You should now be able to access the Cluster web-console at http://localhost:8084.

Command-line access is achieved with…

cockroach sql;

Those familiar with sql will be comfortable…

?View Code POSTGRESQL
root@:26257/> CREATE DATABASE rhys;
root@:26257/> SHOW DATABASES;
root@:26257/> CREATE TABLE rhys.test (id SERIAL PRIMARY KEY, text VARCHAR(100) NOT NULL);
root@:26257/> INSERT INTO rhys.test(text) VALUES ('Hello World');
root@:26257/> SELECT * FROM rhys.test;

Any data you insert should be replicated to all nodes. You can check this with…
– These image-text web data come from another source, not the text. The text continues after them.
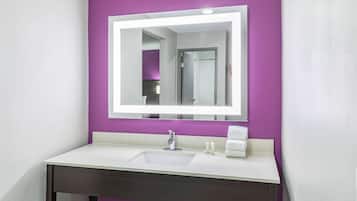 A bathroom with a white sink, purple walls, and a mirror with a white frame.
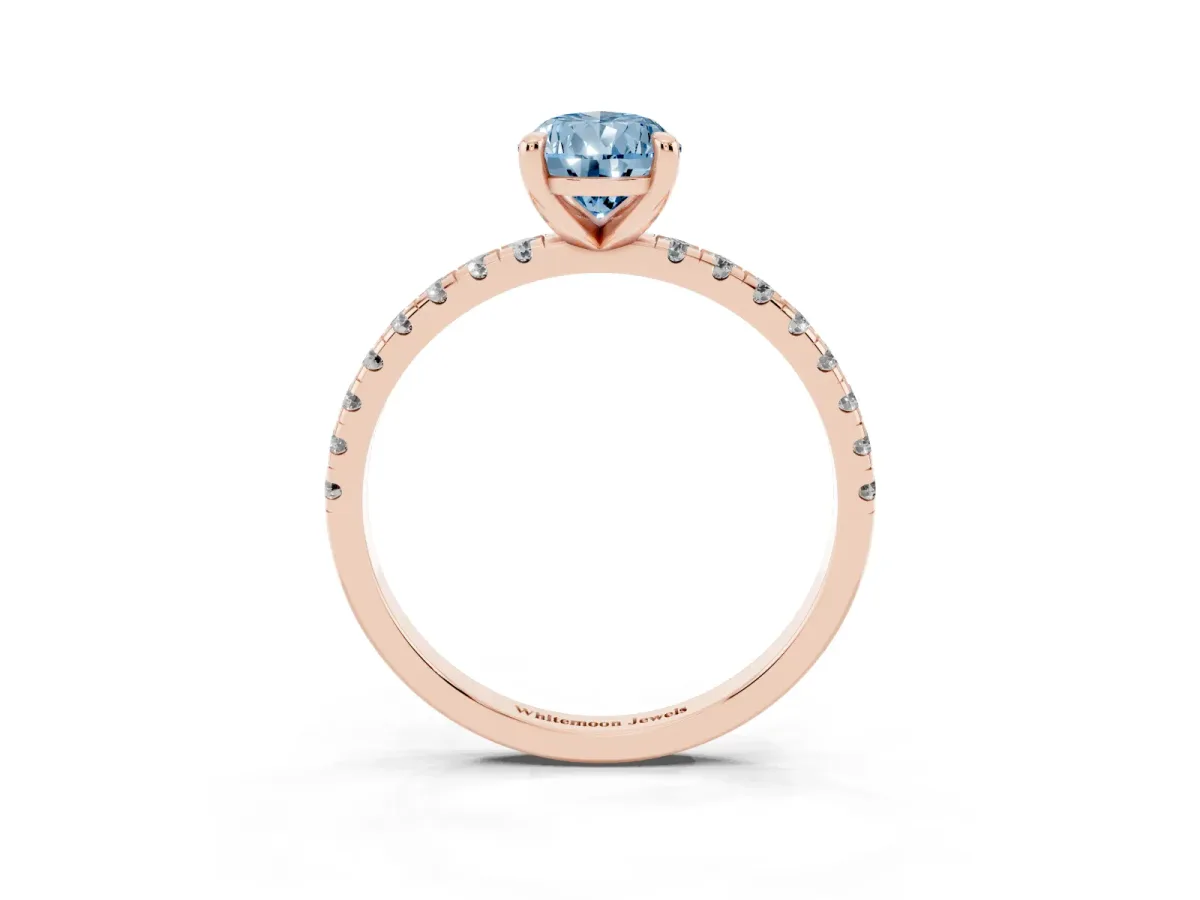 Fancy Blue Pear Cut Diamond Brilliant Solitaire Ring with Pavé Band and Four-Prong Setting Rose gold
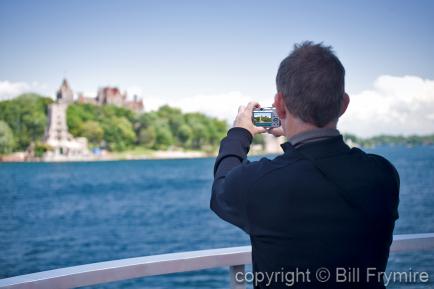 Man taking photo of Boldt Castle in the Thousand Islands, USA - model released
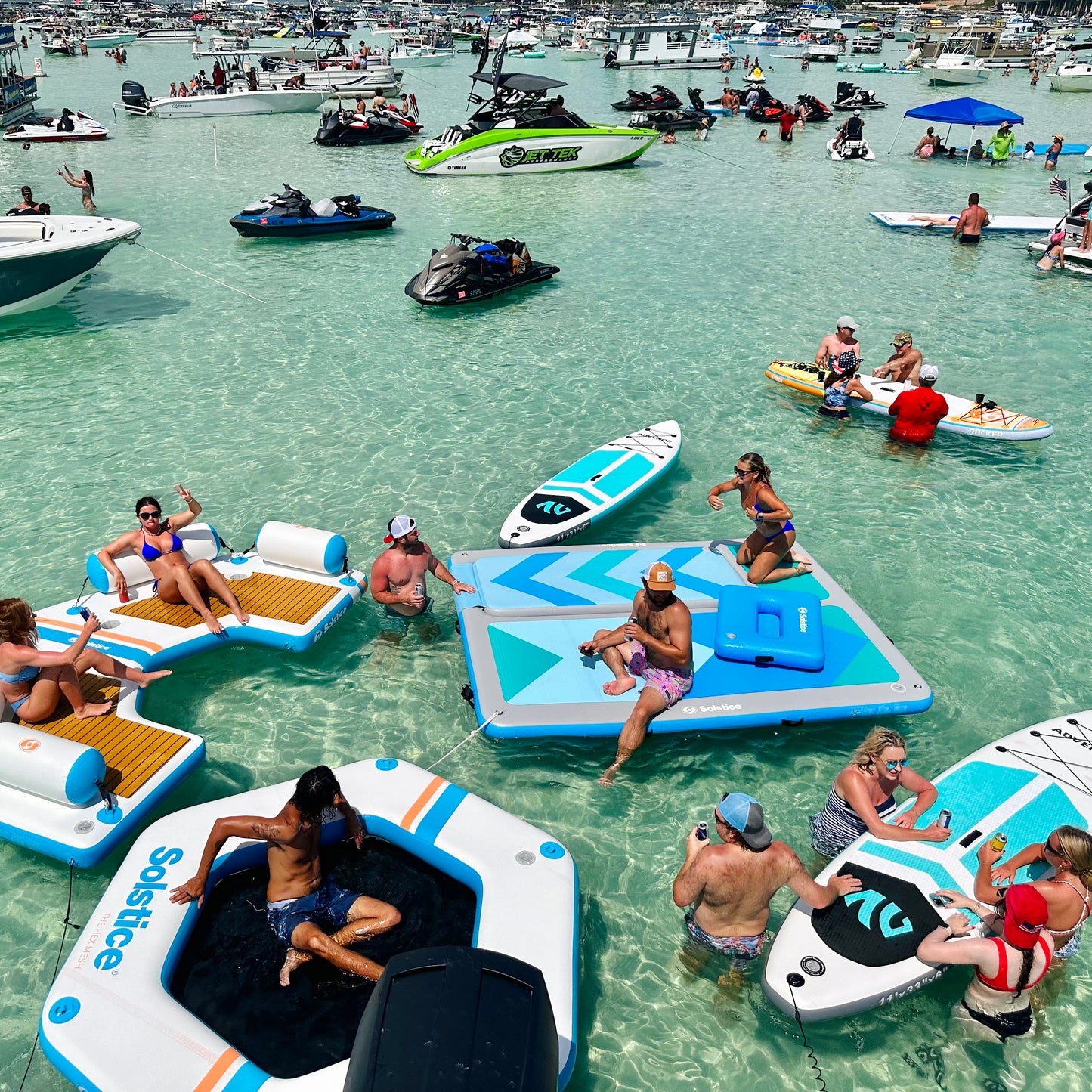 Family enjoying inflatable water floats and couch at Crab Island Destin Florida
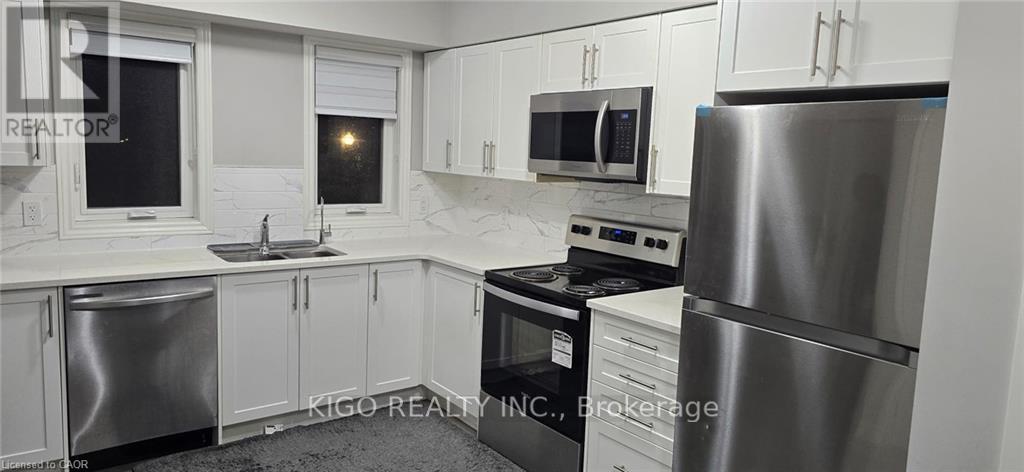 A kitchen with white cabinets and stainless steel appliances.
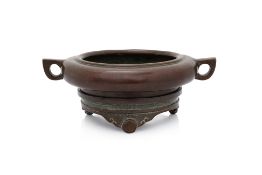 A BRONZE CENSER WITH TWIN LOOP HANDLES
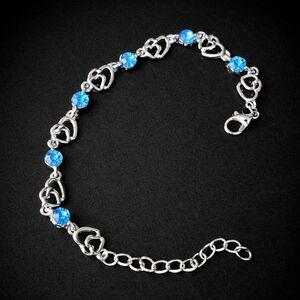 Silver Heart Link Bracelet with Blue Crystal Accents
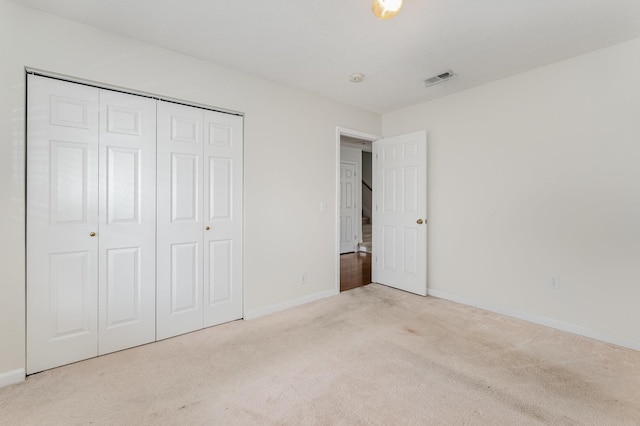 unfurnished bedroom featuring light colored carpet and a closet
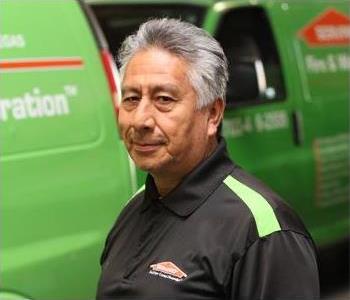 Male SERVPRO Technician with equipment as background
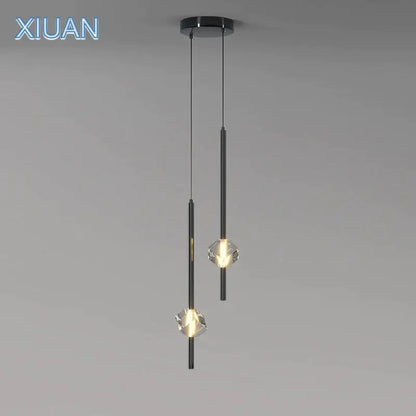 Modern black cube crystal pendant lamps feature crystal-like glass shades with sleek cylindrical metal rods for living room decorbites cube crystal lighting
cockroach sql --port 26257 --execute "SELECT COUNT(*) FROM rhys.test";
cockroach sql --port 26258 --execute "SELECT COUNT(*) FROM rhys.test";
cockroach sql --port 26259 --execute "SELECT COUNT(*) FROM rhys.test";
cockroach sql --port 26260 --execute "SELECT COUNT(*) FROM rhys.test";
cockroach sql --port 26261 --execute "SELECT COUNT(*) FROM rhys.test";

We can also insert into any of the nodes…
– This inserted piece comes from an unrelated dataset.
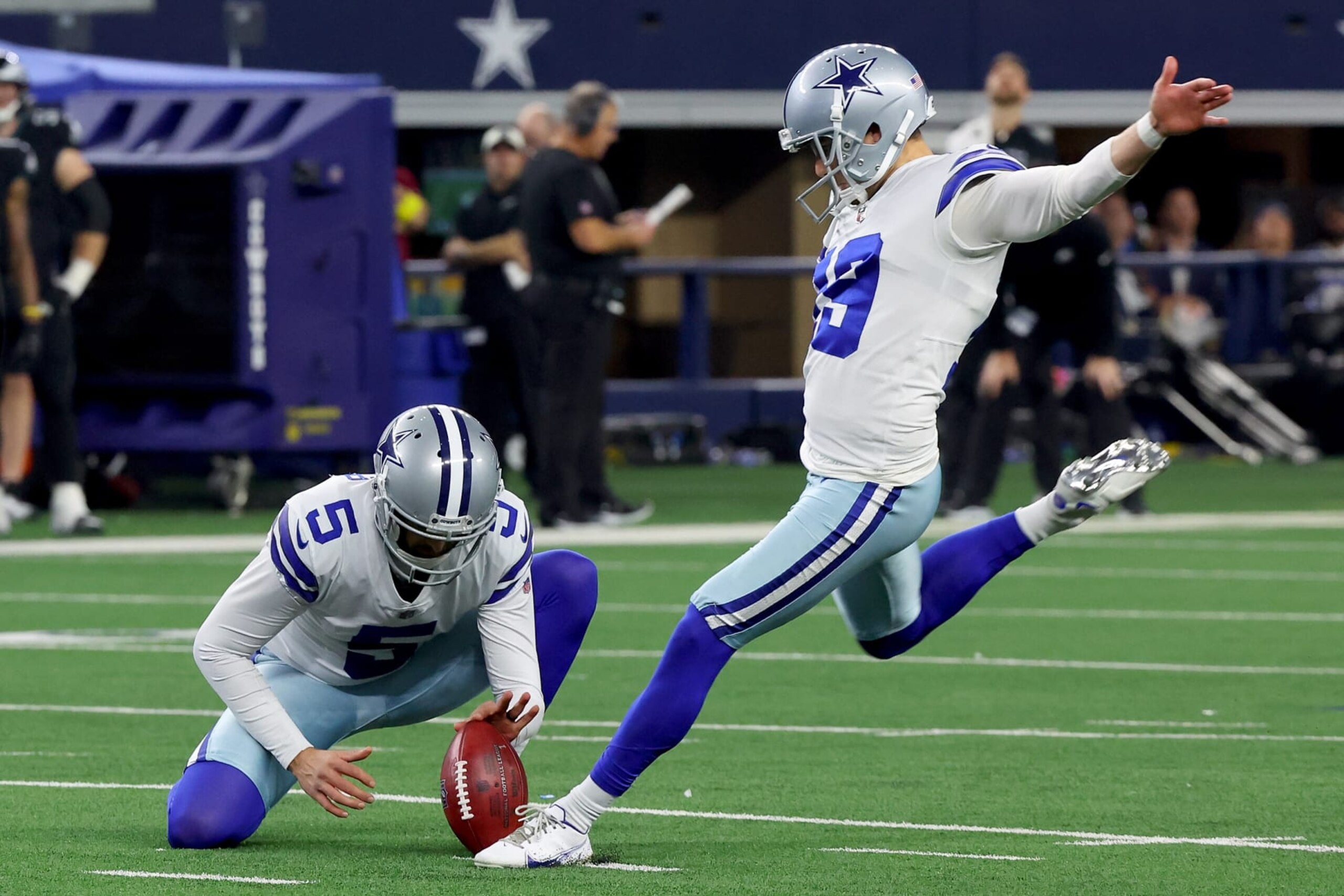 ARLINGTON, TEXAS - DECEMBER 24: Brett Maher #19 of the Dallas Cowboys kicks a field goal during the fourth quarter in the game against the Philadelphia Eagles at AT&T Stadium on December 24, 2022 in Arlington, Texas. (Photo by Richard Rodriguez/Getty Images)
cockroach sql --port 26257 --execute "INSERT INTO rhys.test (text) VALUES ('Node 1')";
cockroach sql --port 26258 --execute "INSERT INTO rhys.test (text) VALUES ('Node 2')";
cockroach sql --port 26259 --execute "INSERT INTO rhys.test (text) VALUES ('Node 3')";
cockroach sql --port 26260 --execute "INSERT INTO rhys.test (text) VALUES ('Node 4')";
cockroach sql --port 26261 --execute "INSERT INTO rhys.test (text) VALUES ('Node 5')";

Check the counts again…

cockroach sql --port 26257 --execute "SELECT COUNT(*) FROM rhys.test";
cockroach sql --port 26258 --execute "SELECT COUNT(*) FROM rhys.test";
cockroach sql --port 26259 --execute "SELECT COUNT(*) FROM rhys.test";
cockroach sql --port 26260 --execute "SELECT COUNT(*) FROM rhys.test";
cockroach sql --port 26261 --execute "SELECT COUNT(*) FROM rhys.test";

Check how the data looks on each node…

cockroach sql --port 26261 --execute "SELECT * FROM rhys.test";
+--------------------+-------------+
|         id         |    text     |
+--------------------+-------------+
| 226950927534555137 | Hello World |
| 226951064182259713 | Hello World |
| 226951080098856961 | Hello World |
| 226952456016003073 | Node 1      |
| 226952456149368834 | Node 2      |
| 226952456292663299 | Node 3      |
| 226952456455684100 | Node 4      |
| 226952456591376389 | Node 5      |
+--------------------+-------------+
(8 rows)
cockroach sql --port 26260 --execute "SELECT * FROM rhys.test";
+--------------------+-------------+
|         id         |    text     |
+--------------------+-------------+
| 226950927534555137 | Hello World |
| 226951064182259713 | Hello World |
| 226951080098856961 | Hello World |
| 226952456016003073 | Node 1      |
| 226952456149368834 | Node 2      |
| 226952456292663299 | Node 3      |
| 226952456455684100 | Node 4      |
| 226952456591376389 | Node 5      |
+--------------------+-------------+
(8 rows)

To clean up…

# clean up (gets rid of all processes and data!)
cockroach quit --port=26257
cockroach quit --port=26258
cockroach quit --port=26259
cockroach quit --port=26260
cockroach quit --port=26261
cd;
rm -Rf cockroach_cluster_tmp;

I’ll probably continuing playing with CockRoachDB. As usual resources will be available on my github.